If you pause when I say stop.
If you remember what I told you once in trust
and never use it to silence me.
I don’t care
how many ceremonies or caves you’ve sat in,
how often you sage your room,
or how soft your voice sounds
when you’re bypassing my pain.
I care
if your love isn’t just a feeling,
but a way of being—
a presence my body can relax into,
not a storm it learns to survive.
It doesn’t move me
if a scripture from 3,000 years ago
says you’re chosen or enlightened.
Or your grandfather was a mystic,
or your lineage traces back to saints.
I want to know—
Can you stay grounded when I’m hurting?
Can you own your impact without hiding behind “divine timing?”
Can you see the sacred in the mess you’ve made
and do the work to clean it up?
I don’t care
about your poetic words on connection
if you can’t hold the foundation of respect.
I care
if your “sorry” isn’t a spell to reset the story—
but a doorway to real repair.
I care
if you can sit beside your own shame
and not run,
not preach,
not twist my truth into a test
I was never meant to take.
Your peace means nothing
if it costs someone else’s safety.
Your path is only holy
if it honors the hearts along the way.
The truth is—this happens more often than we think.

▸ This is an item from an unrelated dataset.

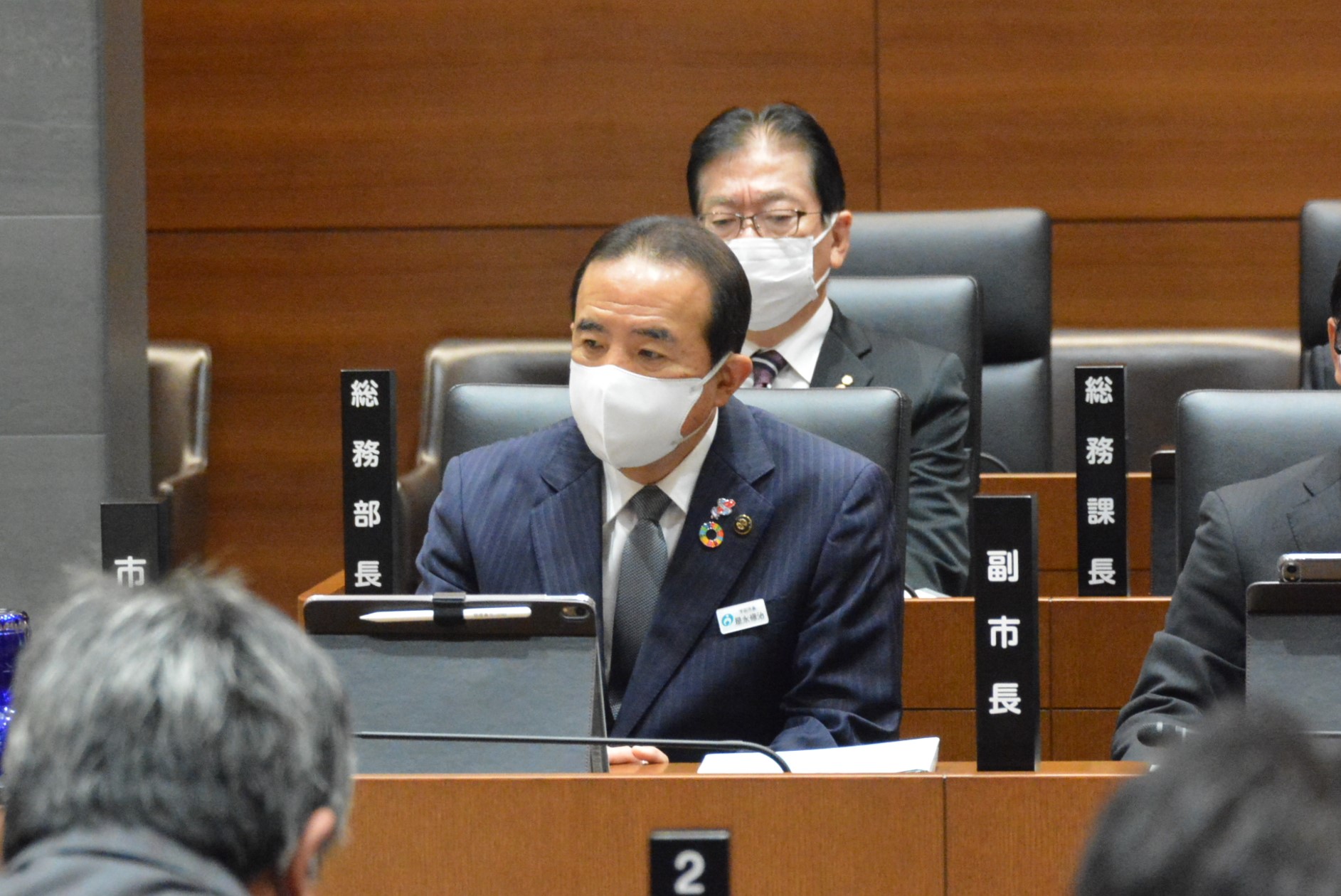 議会での宇佐市長の様子
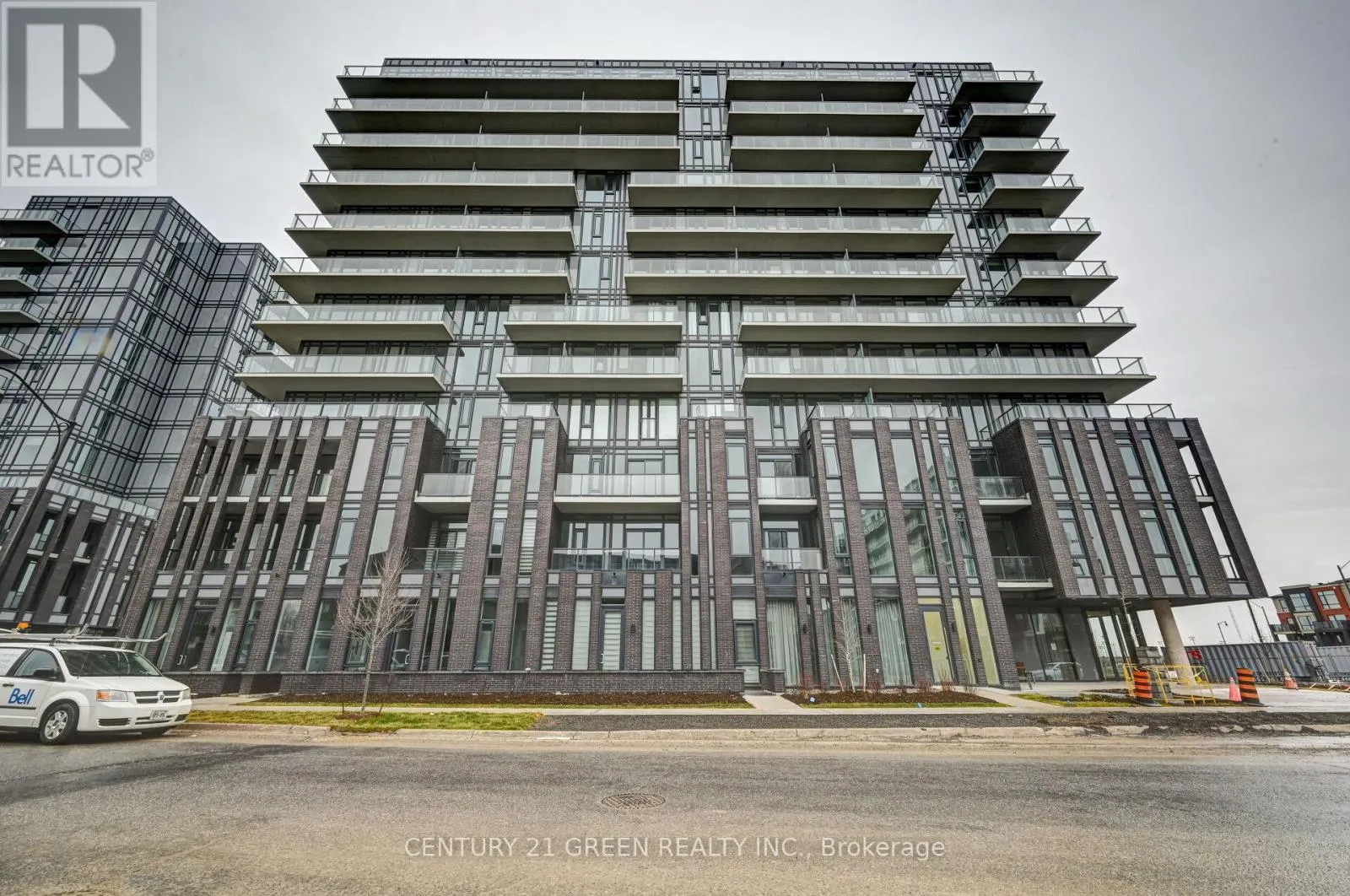 707 - 215 VETERANS DRIVE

Many who walk spiritual paths learn language before they learn accountability. They know the mantras, the teachings, the sacred texts—but haven’t done the relational work of learning how to listen, how to repair, how to honor another’s no.
Spiritual ego is sneaky. It tells you you’re already healed. That your pain is purified. That your way is truth. And it blinds you to the fact that your actions are hurting others.
This is about presence.
Real peace doesn’t just sit in silence or ceremony.
It shows up in conflict. In rupture. In saying “I hear you.”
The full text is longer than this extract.